恒田: とにかくグラフィックと音がまるで違う。16ビットによる画面の美しさには当時、衝撃を受けました。「メガドライブの高い技術には未来がある」と思った人が、ファミコンでなく、メガドライブを選んだんだと思いますよ。

片野: FM音源がとにかくよかったです。アーケードで耳が肥えていたので、ファミコンのピコピコ音がどうも……。

恒田: やっぱりFM音源だと変わりますよね。音楽が違うと、ゲームに対する集中度も全然違う。

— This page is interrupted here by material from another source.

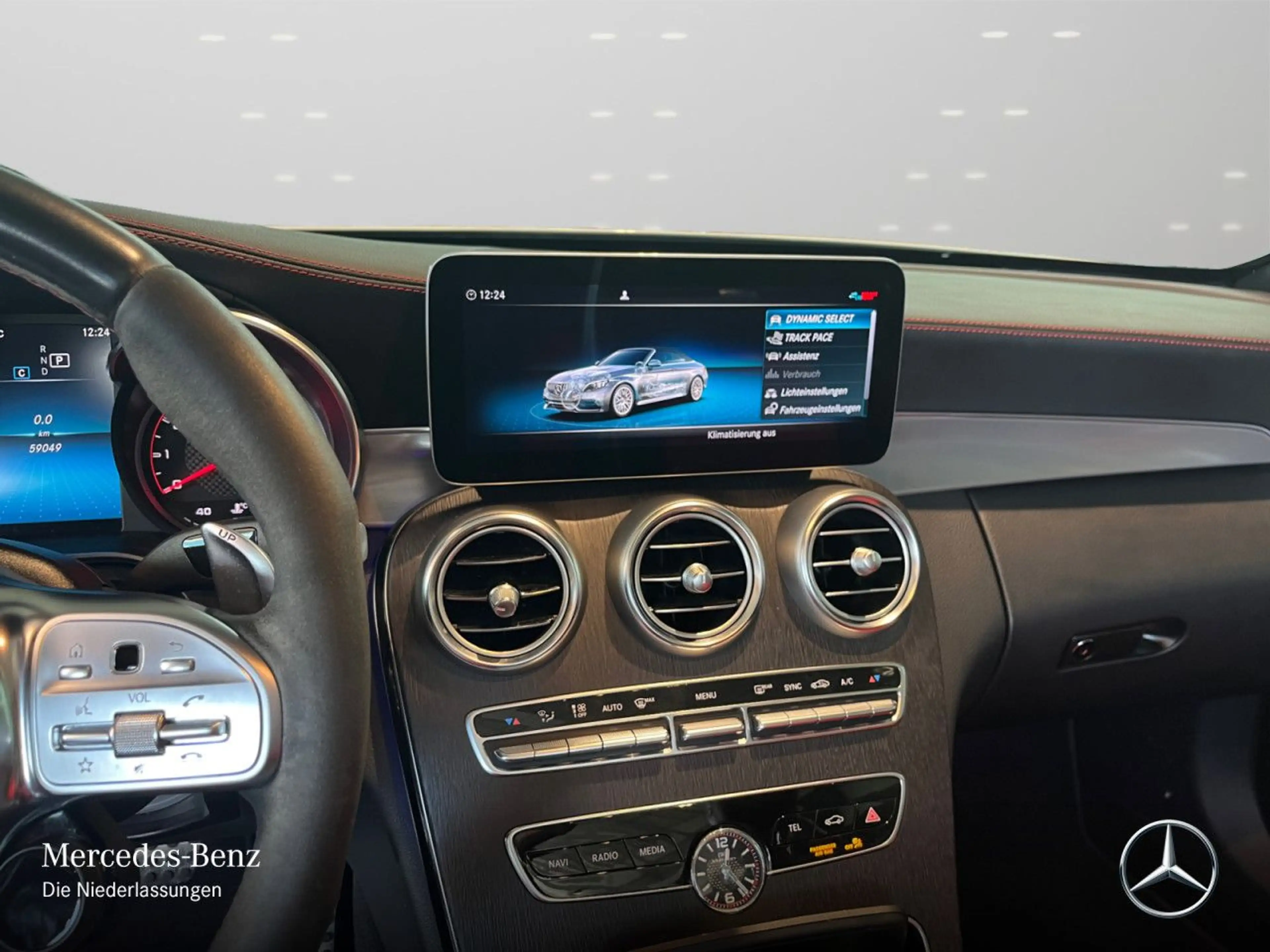 Mercedes-Benz C 63 AMG C 63 S Cabrio NIGHT+DRIVERS+LED+FAHRASS+BURMESTER — photo 13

よりいいものを聞いてしまうと戻れないというか。

片野: それと、セガはメガアダプタ(※6)みたいに、メガドライブで、前機種であるマスターシステムのソフトも遊べるというようなキットを作っていて、そのあたりがユーザー本位で好きでした。

恒田: 自分はメガドライブにいちばん熱中していたのですが、例えばファミコンのシューティングゲームだと、画面に出る敵の弾の数に限りがあって、すぐにプレイできる「難易度の頂点」まで到達しちゃうんですよ。でも、メガドライブはハードウェアの性能が高いので、簡単には到達できない。「TATSUJIN」(※7)というゲームがあったのですが、文字どおり達人向けのゲームで、弾のばらまきの数が画面を埋め尽くすほどの「ありえない量」で、かなりの難易度でしたね。

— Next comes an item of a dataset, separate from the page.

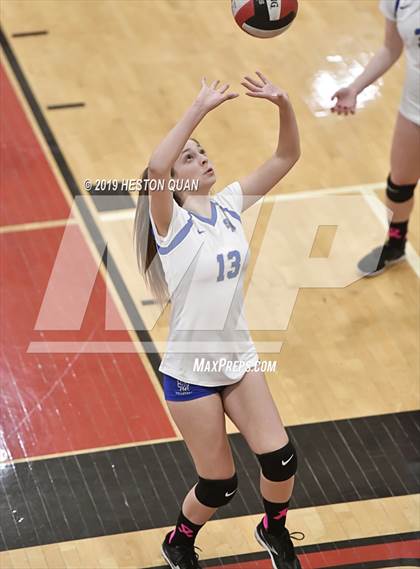 Thumbnail 3 in Santa Margarita @ JSerra Catholic photogallery.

片野: セガのほうが自分の主張を通しているように見えましたね。こだわりを感じましたし、高いクオリティを感じた。ゲームのスピード感もすごかったですし。ファミコンでなくセガを選んだのは、「群れる」のが好きじゃなかったのもあります。

恒田: 一般の人からすると、メガドライブは「稀」な存在で、親友には言えるけど、クラスで堂々というのは正直、カミングアウトに近かった(笑)。

片野: 会話が合わないって言うのはありましたね。私もメガドライブユーザーの仲間内で話をしてました。

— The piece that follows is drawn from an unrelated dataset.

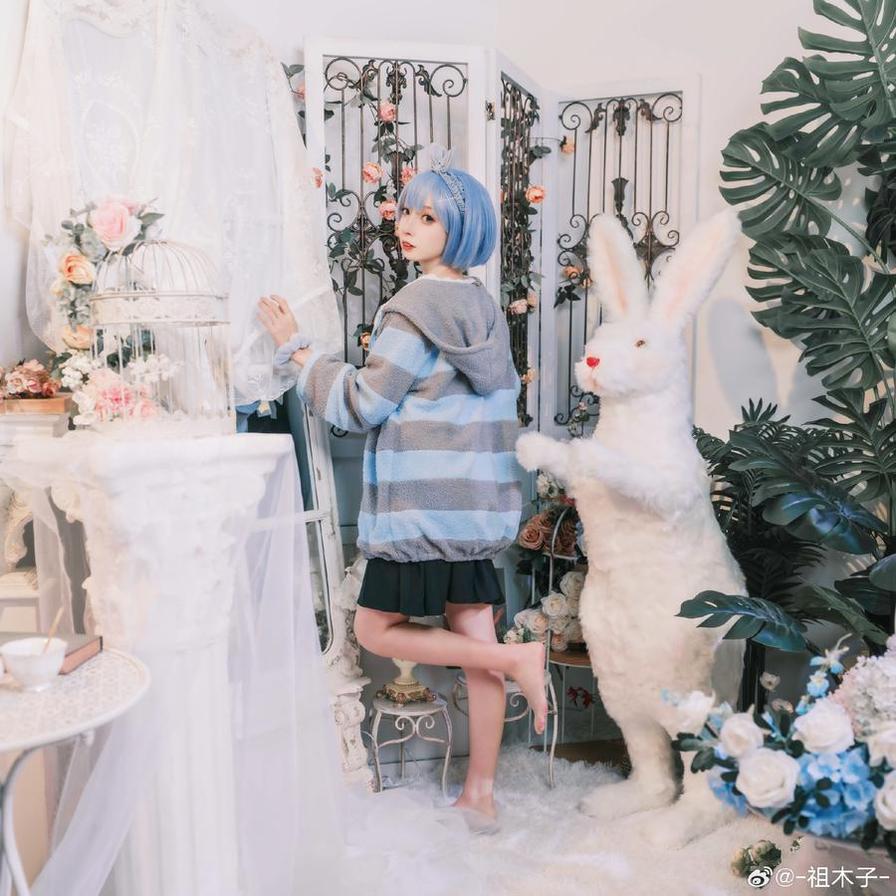 祖木子lolita超话快把鱼干，更新的作品分享，让你体验全新cos风格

恒田: メガドライブユーザー同士の結束は固かったですけどね。

片野: 何年たっても仲間の数は増えないんですが、減りもしないって感じでしたね。結局、ファミコンをやりたいとは一回も思わなかった。1時間くらいやってみたのですが「ああ、違うな」って。音やグラフィックスに満足できなかったり、それに十字キーが使いづらくて。

恒田: 初代メガドライブも難易度の高いコントローラー(※8)でしたけどね(笑)。自分もみんなの仲間になるためにファミコンをやろうと思ったことはないですね。つるんでゲーセンに行くとかはありましたが。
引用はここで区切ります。